Indeed, there is nothing so dangerously attractive to speaker and to audience as a fine old crusted political tag. Policies and programmes are as dust in the balance. As you listen to a speaker and watch his hearers, you may see a smile of perfect confidence and satisfaction spreading over the faces of the latter while the former winds himself up to the well-known, fondly-loved, and long-expected tag, which is the inevitable conclusion of the fiery oratorical period. "That," they say to themselves, "is the man for us. He says exactly what we should have said in the only appropriate words." Result—Loud and enthusiastic cheers, amidst which Mr. Plattit-Ewd resumed his seat, having spoken for three-quarters of an hour.
And the old familiar funny stories, the humorous allusions, the sparkling gibes, have they not been trotted out from Land's End to John o' Groat's House? Welcome have you been, oh ye kittens, born blind as Liberal (or Conservative) kittens, and converted, through the opening of your eyes, into Conservative (or Liberal) kittens; welcome also, ye hounds, who have devoured all your labels, and know not your destination. Many a time have I hunted with your sporting pack, and seen my friends ride gallantly at your tails.

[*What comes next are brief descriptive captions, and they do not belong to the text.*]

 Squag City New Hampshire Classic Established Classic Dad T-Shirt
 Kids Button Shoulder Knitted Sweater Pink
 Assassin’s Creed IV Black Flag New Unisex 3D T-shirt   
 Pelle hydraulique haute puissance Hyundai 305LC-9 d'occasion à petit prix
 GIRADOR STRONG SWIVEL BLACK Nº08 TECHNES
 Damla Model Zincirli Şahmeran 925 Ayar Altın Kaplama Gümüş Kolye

Also there is a wolf, and there is a lamb; and there was once a Sibyl who dealt in books, and there is an Italian who, having performed the most coruscating solos on the barrel-organ, failed miserably when asked to oblige upon the piano. All these have played their parts nobly. Not for long do I bid them farewell. They will return, I know they will, with the first mutterings of the next election.
Pray consider my verse, which, if learnt by heart pat, forms
The best of all tips for political platforms.

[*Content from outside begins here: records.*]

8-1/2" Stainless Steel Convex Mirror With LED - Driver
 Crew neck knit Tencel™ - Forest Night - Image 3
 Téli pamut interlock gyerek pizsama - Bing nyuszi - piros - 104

With a slight dash of Mill you may burden your speeches,
You may tell the great tale of O'Brien, his breeches.
On the one side you'll tear William Harcourt to tatters;
He's out for a time, but I don't think it matters.
Then, in talking of Joe, what will help very much is
A delicate hint at a Duke or a Duchess;
A suggestion that coats are the garments, if any,
That mustn't be turned when their colours are many:
And that programmes (you'll pause ere you flatly refuse 'em)
Are Brummagem goods, which will break when you use 'em.
Then, whether your hearers be Whig or be Tory,
By the scruff of its neck you must drag in a story.
Adjure them, my friend, lest their zeal should grow colder,
To fight for the Cause, standing shoulder to shoulder.
And, whether you battle for that chief or this chief,
Inform them that stones, if unturned, are the mischief.
And, last but not least, no opponent will quarrel,
When all that you claim is a win plus a moral.
As an example of how political conflicts ought to be carried on take the case of West Fife. While Mr. Augustine Birrell, the Radical Candidate, was speaking in Thornton School, "the door of the room was opened, and Mr. Wemyss, the Liberal Unionist candidate for the constituency, asked 'May I come in,' to which Mr. Birrell replied 'Yes, certainly.' Mr. Wemyss, who was followed by a large number of supporters, then entered the hall, and took a seat on one of the front benches, which he occupied until the close of the address, when he was greeted with loud calls for a speech. In response to the call, he remarked that he had already made eight or nine speeches that day, and must be excused from making another. He had, however, enjoyed Mr. Birrell's speech very much. It was not for him to criticise it at that meeting, but he might only say that he felt sure the electors of West Fife would vote for whom they considered the best man and the man they believed would do his duty. He then called for three hearty cheers for his opponent, Mr. Birrell. Votes of confidence were then put for both candidates, when that in favour of Mr. Birrell was declared carried. The opposing candidates then shook hands, and departed evidently the best of friends."